* INSTRUCTIONS TO FOLLOW: Write out each line of the material exactly as given, and drop the images.

=== SUPPLIED INFORMATION ===

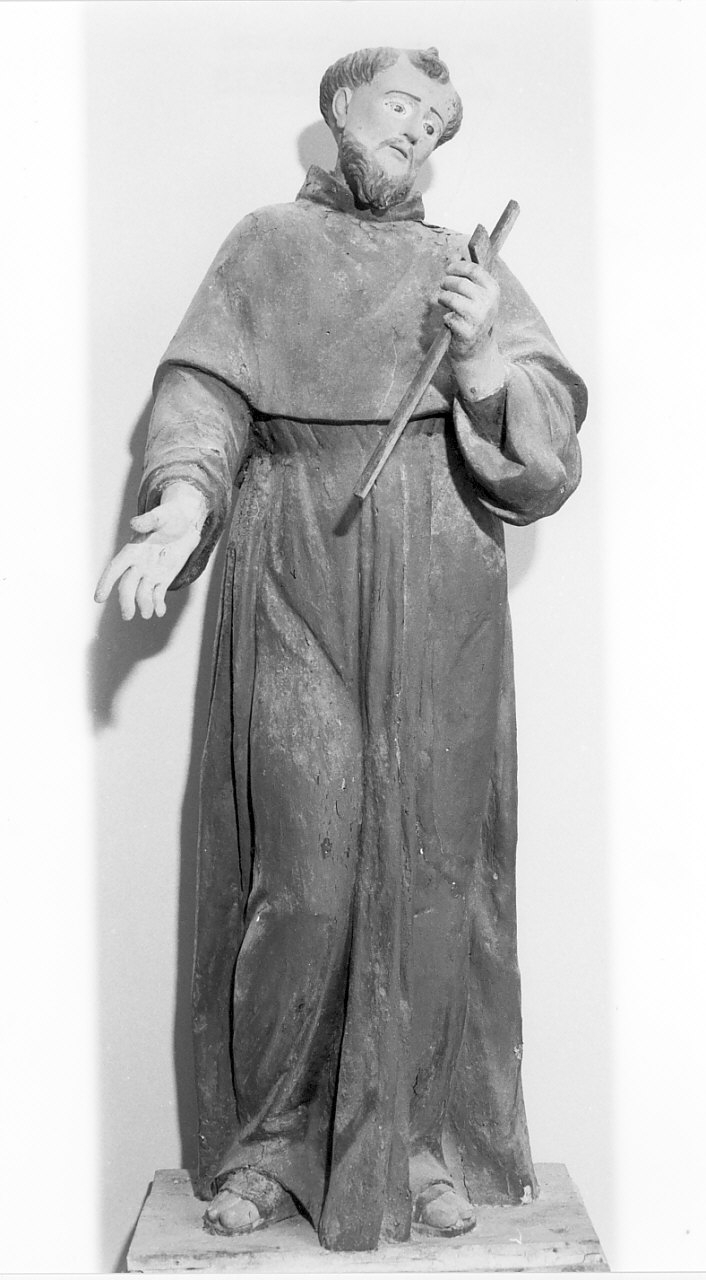 San Francesco d'Assisi (statua, opera isolata) - bottega napoletana (fine sec. XVIII)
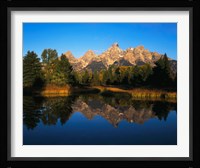 Teton Range and Snake River, Grand Teton National Park, Wyoming Framed Print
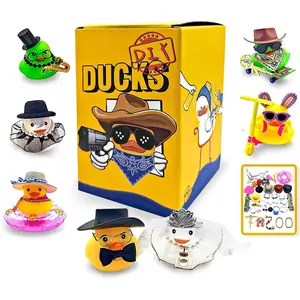 Jeep Ducks, DIY Kit Rubber Duck for Jeeps Ducking, 7 Rubber Duckies and 40 Random Assorted Accessories Set, Jeep Ducks for Ducking Car Dashboard Decor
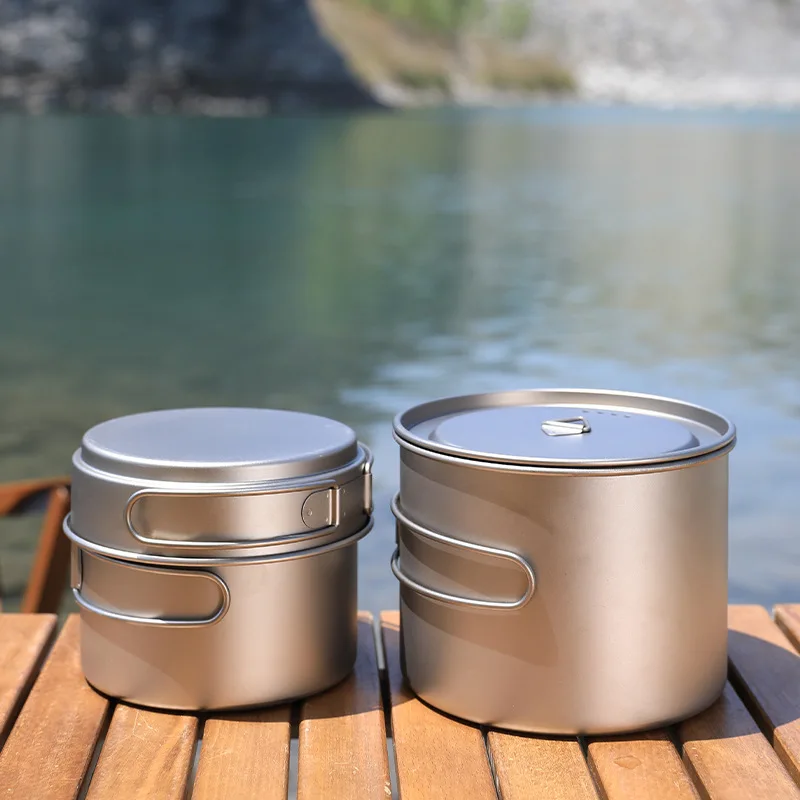 Camping Ultralight Titanium Co - đánh giá và giá Camping Cooking Frying Pan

===

* RESPONSE TO THE TASK:
 San Francesco d'Assisi (statua, opera isolata) - bottega napoletana (fine sec. XVIII)
 Teton Range and Snake River, Grand Teton National Park, Wyoming Framed Print
 Jeep Ducks, DIY Kit Rubber Duck for Jeeps Ducking, 7 Rubber Duckies and 40 Random Assorted Accessories Set, Jeep Ducks for Ducking Car Dashboard Decor
 Camping Ultralight Titanium Co - đánh giá và giá Camping Cooking Frying Pan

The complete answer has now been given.